Application.__init__

def __init__(broker_address: Optional[str] = None,
             quix_sdk_token: Optional[str] = None,
             consumer_group: Optional[str] = None,
             auto_offset_reset: AutoOffsetReset = "latest",
             commit_interval: float = 5.0,
             partitioner: Partitioner = "murmur2",
             consumer_extra_config: Optional[dict] = None,
             producer_extra_config: Optional[dict] = None,
             state_dir: str = "state",
             rocksdb_options: Optional[RocksDBOptionsType] = None,
             on_consumer_error: Optional[ConsumerErrorCallback] = None,
             on_processing_error: Optional[ProcessingErrorCallback] = None,
             on_producer_error: Optional[ProducerErrorCallback] = None,
             on_message_processed: Optional[MessageProcessedCallback] = None,
             consumer_poll_timeout: float = 1.0,
             producer_poll_timeout: float = 0.0,
             loglevel: Optional[LogLevel] = "INFO",
             auto_create_topics: bool = True,
             use_changelog_topics: bool = True,
             quix_config_builder: Optional[QuixKafkaConfigsBuilder] = None,
             topic_manager: Optional[TopicManager] = None)

[VIEW SOURCE]


Arguments:

  • broker_address: Kafka broker host and port in format <host>:<port>. Passed as bootstrap.servers to confluent_kafka.Consumer. Either this OR quix_sdk_token must be set to use Application (not both). Linked Environment Variable: Quix__Broker__Address. Default: None
  • quix_sdk_token: If using the Quix Cloud, the SDK token to connect with. Either this OR broker_address must be set to use Application (not both). Linked Environment Variable: Quix__Sdk__Token. Default: None (if not run on Quix Cloud)

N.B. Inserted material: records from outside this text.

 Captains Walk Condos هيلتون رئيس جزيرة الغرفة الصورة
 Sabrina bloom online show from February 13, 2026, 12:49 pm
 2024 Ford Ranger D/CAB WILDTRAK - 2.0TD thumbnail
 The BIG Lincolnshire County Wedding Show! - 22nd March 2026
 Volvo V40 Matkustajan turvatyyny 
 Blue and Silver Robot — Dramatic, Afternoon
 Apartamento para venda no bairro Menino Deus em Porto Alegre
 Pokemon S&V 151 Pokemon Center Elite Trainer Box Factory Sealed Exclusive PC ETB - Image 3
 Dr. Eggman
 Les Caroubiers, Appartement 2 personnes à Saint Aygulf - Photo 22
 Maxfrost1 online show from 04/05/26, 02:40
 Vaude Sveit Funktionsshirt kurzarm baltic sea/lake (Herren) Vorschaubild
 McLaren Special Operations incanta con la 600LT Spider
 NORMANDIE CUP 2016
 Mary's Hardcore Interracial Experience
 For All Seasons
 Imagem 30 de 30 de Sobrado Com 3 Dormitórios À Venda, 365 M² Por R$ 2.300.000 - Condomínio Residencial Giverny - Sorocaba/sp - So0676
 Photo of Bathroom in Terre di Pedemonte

    NOTE: the environment variable is set for you in the Quix Cloud

  • consumer_group: Kafka consumer group. Passed as group.id to confluent_kafka.Consumer. Linked Environment Variable: Quix__Consumer__Group. Default - "quixstreams-default" (set during init)

    NOTE: Quix Applications will prefix it with the Quix workspace id.

  • commit_interval: How often to commit the processed messages in seconds. Default - 5.0.
  • auto_offset_reset: Consumer auto.offset.reset setting
  • partitioner: A function to be used to determine the outgoing message partition.
  • consumer_extra_config: A dictionary with additional options that will be passed to confluent_kafka.Consumer as is.
  • producer_extra_config: A dictionary with additional options that will be passed to confluent_kafka.Producer as is.
  • state_dir: path to the application state directory. Default - ".state".
  • rocksdb_options: RocksDB options. If None, the default options will be used.
  • consumer_poll_timeout: timeout for RowConsumer.poll(). Default - 1.0s
  • producer_poll_timeout: timeout for RowProducer.poll(). Default - 0s.
  • on_message_processed: a callback triggered when message is successfully processed.
  • loglevel: a log level for "quixstreams" logger. Should be a string or None. If None is passed, no logging will be configured. You may pass None and configure "quixstreams" logger externally using logging library. Default - "INFO".
  • auto_create_topics: Create all Topics made via Application.topic() Default - True
  • use_changelog_topics: Use changelog topics to back stateful operations Default - True
  • topic_manager: A TopicManager instance

    Error Handlers
    To handle errors, Application accepts callbacks triggered when exceptions occur on different stages of stream processing. If the callback returns True, the exception will be ignored. Otherwise, the exception will be propagated and the processing will eventually stop.
  • on_consumer_error: triggered when internal RowConsumer fails to poll Kafka or cannot deserialize a message.
  • on_processing_error: triggered when exception is raised within StreamingDataFrame.process().
  • on_producer_error: triggered when RowProducer fails to serialize or to produce a message to Kafka.

    Quix Cloud Parameters
  • quix_config_builder: instance of QuixKafkaConfigsBuilder to be used instead of the default one.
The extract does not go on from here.